Every line below between the one holding "Lumbar Boho Blue" and the one holding "How to create", inclusive, should be copied exactly, and no other line.

▶ **Available data**
---*---

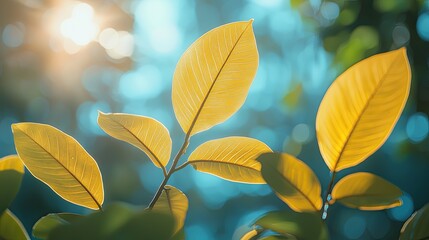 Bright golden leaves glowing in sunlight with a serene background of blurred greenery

---*---

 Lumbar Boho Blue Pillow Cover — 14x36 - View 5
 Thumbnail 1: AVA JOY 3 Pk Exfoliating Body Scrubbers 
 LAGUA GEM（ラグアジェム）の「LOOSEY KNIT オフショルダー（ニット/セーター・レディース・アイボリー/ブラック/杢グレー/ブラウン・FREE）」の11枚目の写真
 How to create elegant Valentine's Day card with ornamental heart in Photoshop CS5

---*---

▶ **Written response**
 Lumbar Boho Blue Pillow Cover — 14x36 - View 5
 Thumbnail 1: AVA JOY 3 Pk Exfoliating Body Scrubbers 
 LAGUA GEM（ラグアジェム）の「LOOSEY KNIT オフショルダー（ニット/セーター・レディース・アイボリー/ブラック/杢グレー/ブラウン・FREE）」の11枚目の写真
 How to create elegant Valentine's Day card with ornamental heart in Photoshop CS5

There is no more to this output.